The channel launched as expected on January 10, 2017 through several CCSA members as MAVTV Canada under licence from Lucas Oil. In June 2017, the channel launched in high definition, with Tbaytel, the largest distributor of the channel at the time. Less than a month later, the channel was launched on Eastlink. The channel was subsequently launched on additional providers since.

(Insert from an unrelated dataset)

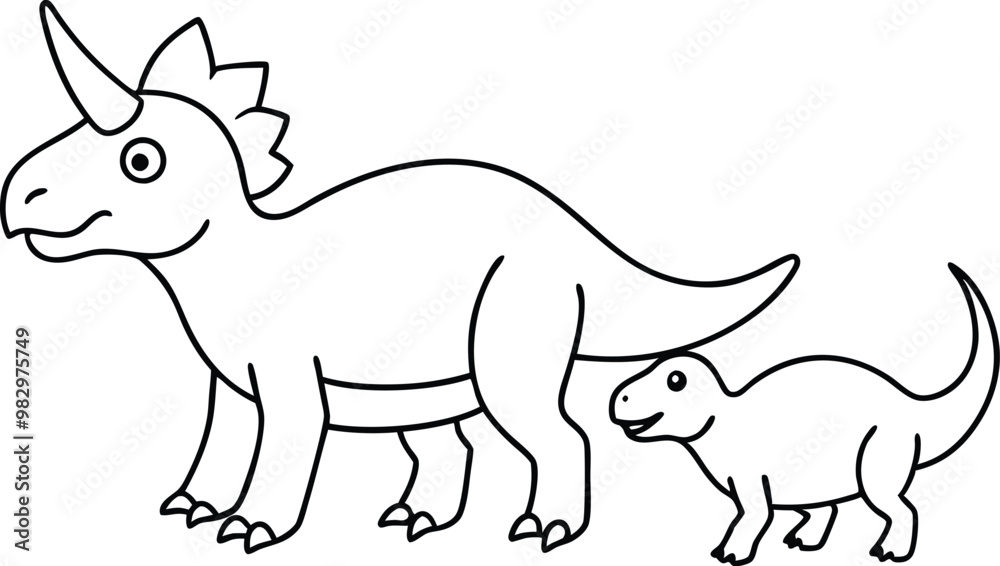 Fototapeta premium Colorful Dinosaurs T Rex and Triceratops Vector Scene for Kids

In May 2020, the channel was renamed REV TV Canada, ending the licensing deal with Lucas Oil. REV TV Canada is now available to over 6 million households across Canada and features over 200 races from around the world. The channel showcases all forms of racing, such as MotoGP, World Rally Championship, AMA Supercross Championship, All Star Circuit of Champions, AMSOIL National Sprint Car Championship, Indy Lights, Super Formula, Castrol® FloRacing Night In America, AMSOIL Championship Snocross, 400 Thunder Drag Racing, ARCA Midwest Tour, SPEED SPORT TV, along with news coverage such as The Inside Line (F1), Winged Nation, and Tuning 365 Performance Auto & Sound Magazine. REV TV Canada also produces original programming with REV Culture and All North Racing, and features a variety of lifestyle programs that feature prominent interviews, how-to and behind-the-scenes features, and more. REV TV Canada brands itself as "YOUR MOTORSPORTS & AUTOMOTIVE DESTINATION 24/7."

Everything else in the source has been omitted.